▶ **Exercise objective**
In the material below, the lines between the one holding "The Office Schrute" and the one holding "2008 Dodge Avenger", inclusive, are to be set down word for word. Pictures stay out.

▶ **Information given**
BEGIN

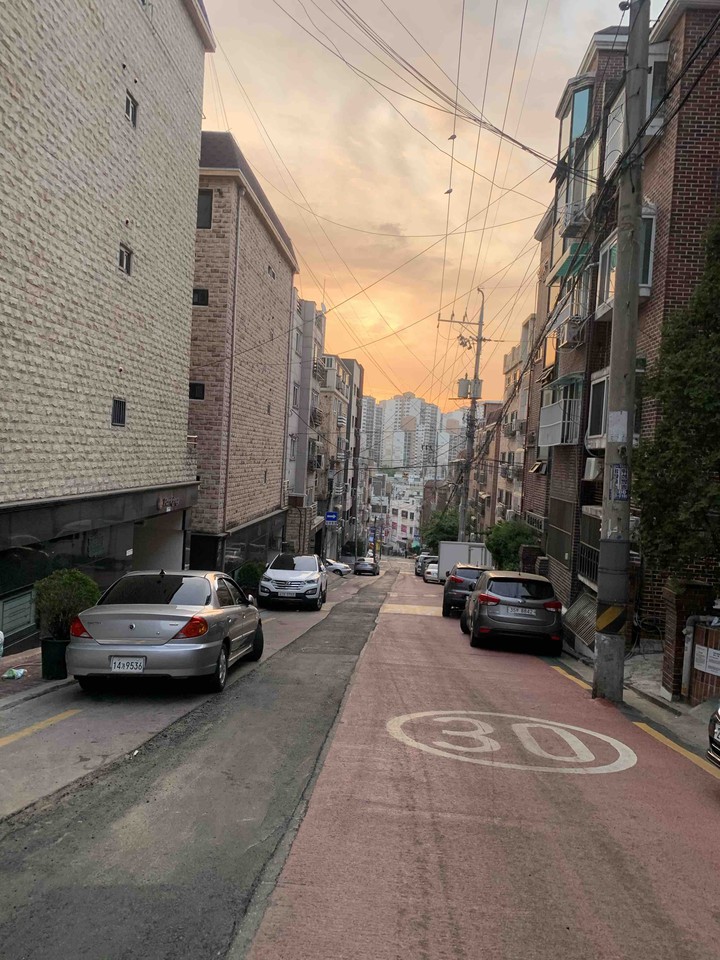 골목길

END
BEGIN

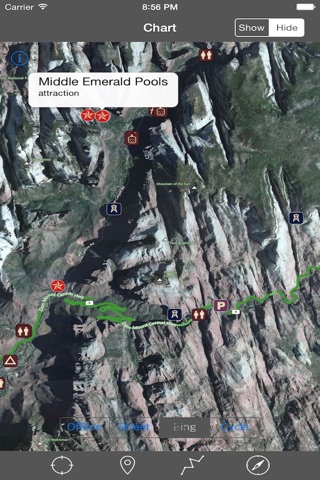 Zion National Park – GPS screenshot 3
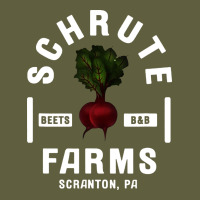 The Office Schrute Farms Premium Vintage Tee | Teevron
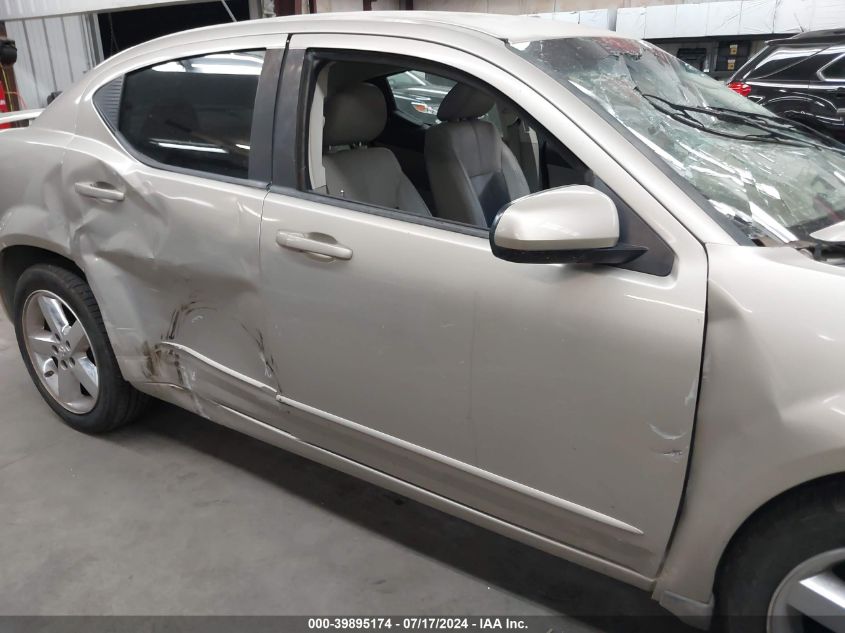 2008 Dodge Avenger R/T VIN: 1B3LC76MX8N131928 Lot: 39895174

END
BEGIN

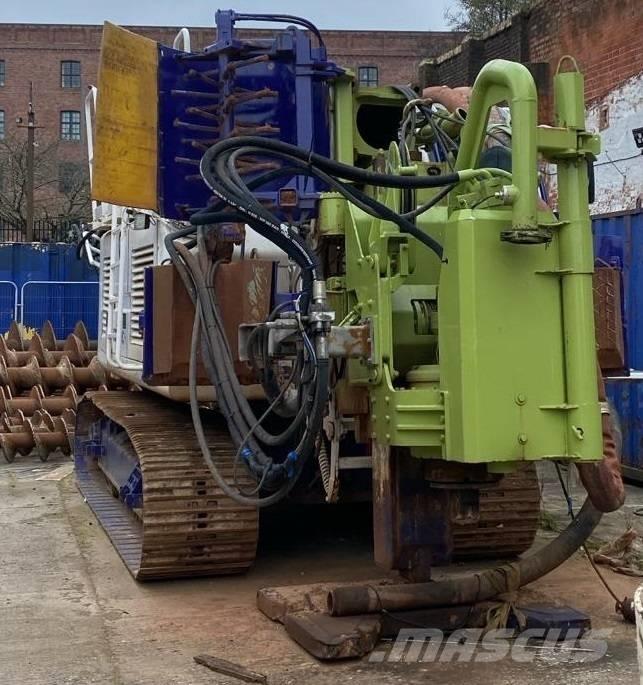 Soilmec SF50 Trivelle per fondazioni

END

▶ **Task answer**
 The Office Schrute Farms Premium Vintage Tee | Teevron
 2008 Dodge Avenger R/T VIN: 1B3LC76MX8N131928 Lot: 39895174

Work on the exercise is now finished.